Виктор Гюго - Париж
Одно роковое, если хотите - жестокое, событие расстроило все эти замыслы.
Хотя всякое сопоставление фактов материальной жизни с фактами духовной жизни может быть лишь приблизительным, все же можно считать, что в известных случаях материальный рост является мерилом роста духовного. Первоначально весь Париж помещается на острове Богоматери; затем птенец пробивает клювом скорлупу: он перебрасывает мост; потом, при Филиппе-Августе, он занимает площадь в семьсот арпанов и приводит в восторг Вильгельма Бретонца; позднее, при Людовике XI, его окружность составляет три четверти лье, и он вызывает восхищение Филиппа де Комина; в семнадцатом веке он уже насчитывал четыреста тринадцать улиц и своим видом ослепил Фелибьена. В восемнадцатом веке он совершил революцию и ударил в набат: тогда в нем было шестьсот шестьдесят тысяч жителей. Сейчас их у него - миллион восемьсот тысяч. Это более мощная рука, которая может раскачивать еще более мощный колокол.
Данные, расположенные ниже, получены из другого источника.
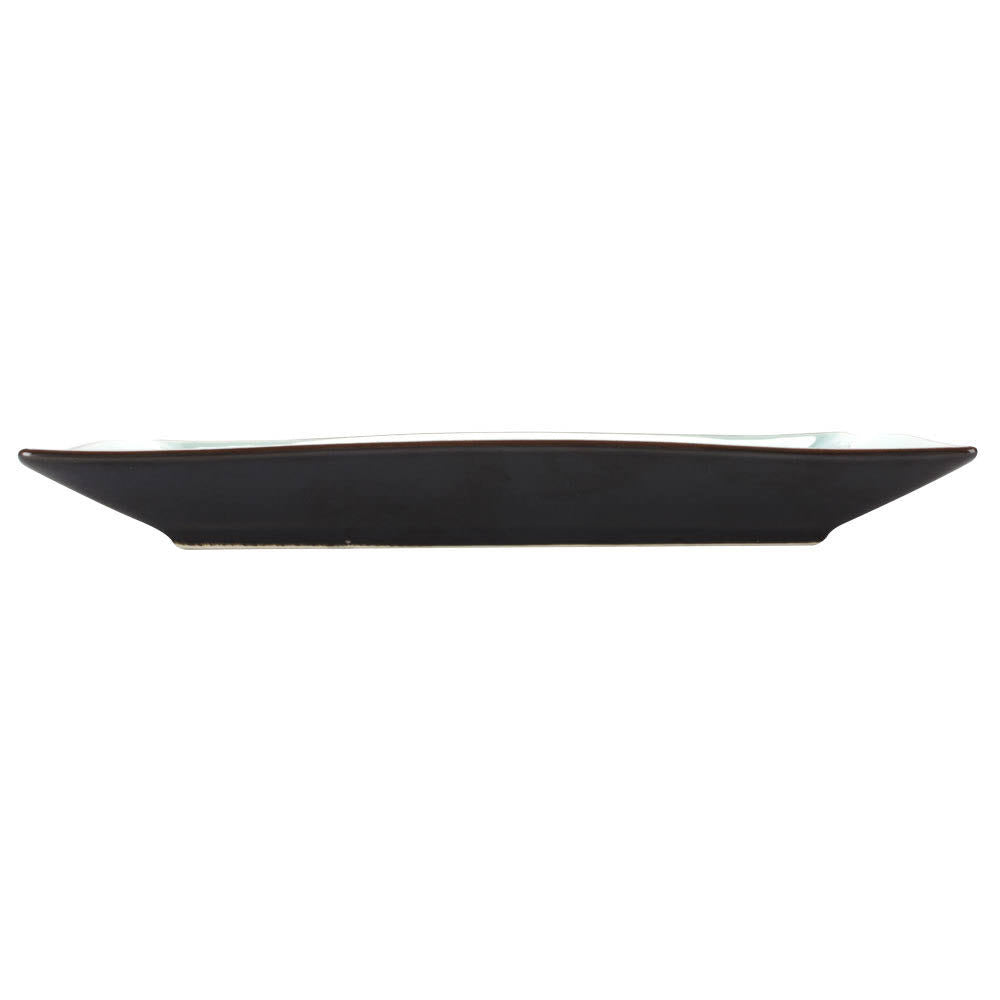 5-Inch Lake Water Blue Square Plate Q55258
Набат наших дней - это набат мира, это широкий, радостный звон труда, призывающий нации показать все лучшее, что ими создано.
5
В грядущем всегда есть доля современности; в наших детях всегда есть нечто от нас самих. Цивилизация проходит через различные фазы, всегда испытывая влияние фазы предыдущей. В наши дни во все, что есть, и во все, что будет, входит частица Французской революции. И нет ни одного события в жизни человечества, которое так или иначе не испытало бы этого влияния. Словно что-то давит на вас сверху, и кажется, будто грядущее спешит и ускоряет шаг. Неизбежность - это всегда спешка; европейский союз как предвестье союза общечеловеческого - такова великая неизбежность современности; угроза, которая не пугает. Правда, видя, как формируются повсюду ландверы, можно подумать, будто готовится нечто совсем противоположное; но это противоположное рассеется как дым. Для того, кто наблюдает с вершины, в тучах, застилающих горизонт, больше лучей, чем гроз. Все важнейшие явления нашего времени - явления мирные. Пресса, пар, электрический телеграф, метрическая система мер, свободный обмен - все это не что иное, как своеобразный катализатор великого процесса растворения наций в человечестве. Казалось бы, все железные дороги бегут в самых разнообразных направлениях - Петербург, Мадрид, Неаполь, Берлин, Вена, Лондон,- но все они ведут в одно место: Мир. И в день, когда поднимется в небо первый воздушный корабль, будет похоронена последняя тирания.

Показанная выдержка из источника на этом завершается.